Just do a 3-cycle of edges after corner solve.


----------



## Toad (Mar 3, 2010)

deadalnix said:


> Just do a 3-cycle of edges after corner solve.



Which edges and how...?

Sorry I just can't get this to make any sense in my head :confused:


----------



## Neo63 (Mar 3, 2010)

Eric Limeback‘s tutorial said something about using R perm as parity alg, not sure if this is what you’re talking about…


----------



## Toad (Mar 3, 2010)

Neo63 said:


> Eric Limeback‘s tutorial said something about using R perm as parity alg, not sure if this is what you’re talking about…

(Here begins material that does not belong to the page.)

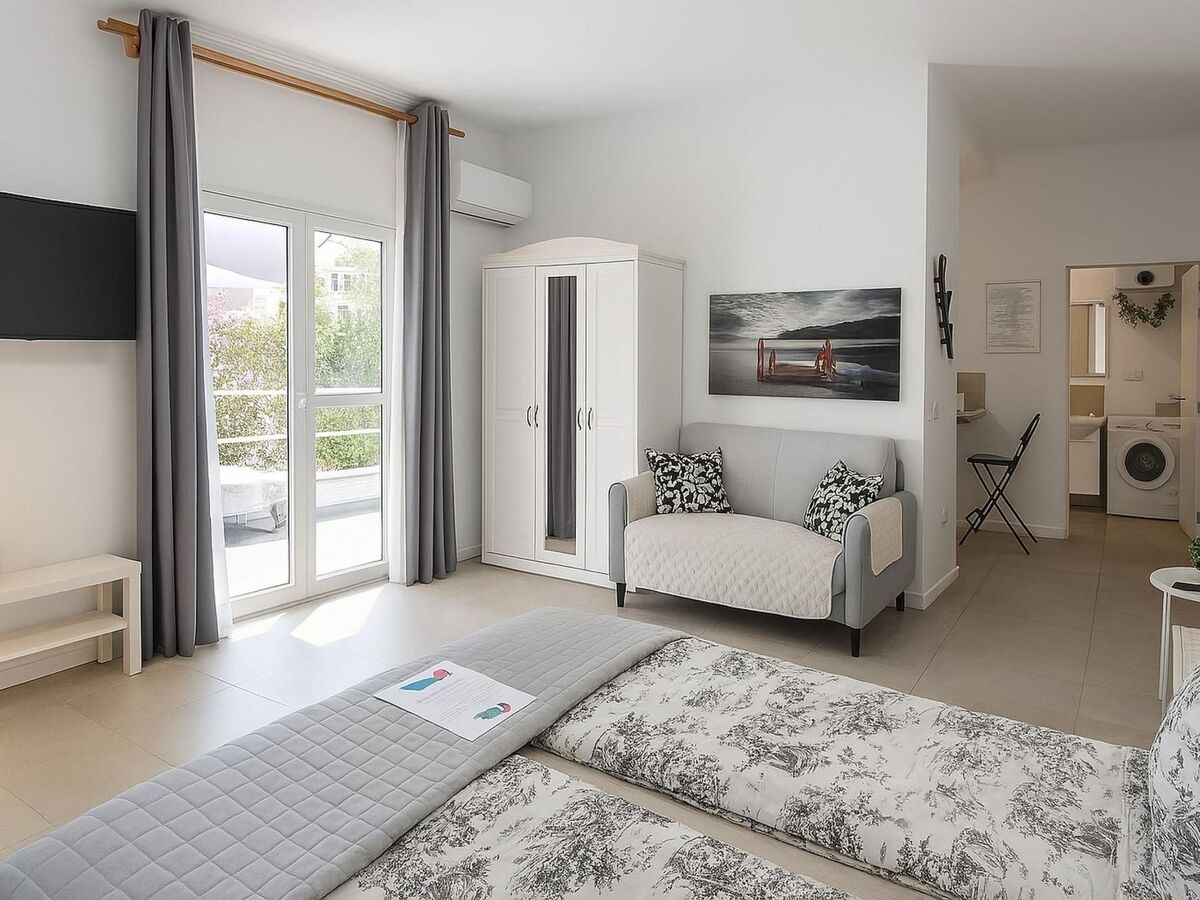 Studio avec terrasse privée à 350 m de la mer - Photo 4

Thanks but I think that's just for Old Pochmann...


----------



## dannyz0r (Mar 3, 2010)

Eric's tutorial is M2 edges and Pochmann corners so...


----------



## Toad (Mar 3, 2010)

dannyz0r said:


> Eric's tutorial is M2 edges and Pochmann corners so...



That's what I thought... Maybe you just do an R Perm to fix the edges then at the end of the solve fix the last two edges and corners and the M slice...?


----------



## ShadenSmith (Mar 3, 2010)

M' F2 M' F2 --- fixes middle layer and swaps UF and UB.


----------



## Sakarie (Mar 4, 2010)

randomtoad said:


> I've pretty much finished learning all the cases for M2 method using pairs, learnt from here.
> 
> Using this method you don't have to worry about the position of the M-Slice when solving UF and DB edges which I like a lot about it.
> 
> ...



I've been in the exact same situation, and this is what I did.

Every time I noticed that I had an odd number of corners, I knew I had parity. Then I always memoed UB as the first piece to shoot to. 

That meant that I started with a M2, and then started to do my ordinary memo, that now had to be an even number of pieces.

This meant that every piece were exactly where it should be! the UB and DF-piece is att their right place, but UF and DB are at their wrong place, which is what I did memorize

"Oh, one more extra piece to memorize sucks!" No it doesn't since, you don't have to remember it, since you know that your memo always start with UB if you have parity.


I don't understand why people keep using that parityalgorithm? D' L2 D M2 D' L2 D must be faster? I guess L'U'LU M2 U'L'UL is faster to.. I was using U'D R' U' R U R U R U' R' D'. 2+2 move setup to U-perm, with 3 move cancellation. Use it if you want, but I'm not saying it's the best, 'cause I don't know.


----------



## rubiknewbie (Mar 6, 2010)

I use Eric's method too.

Solve corners, do R perm, solve edges, do the U'F2UM2U'F2U, then R perm.

You can also do edges first, U'F2UM2U'F2U and solving corners will fix the parity without need for R perm.


----------



## riffz (Mar 7, 2010)

I think the general consensus is watch Eric Limeback's tutorial.


----------



## iRiLLL (Mar 11, 2010)

U2 M' U2 M U2 M2 U2


----------



## riffz (Mar 11, 2010)

iRiLLL said:


> U2 M' U2 M U2 M2 U2



This setup algorithm is pretty fast but my R perm is much faster than my F perm and at a better angle afterward.


----------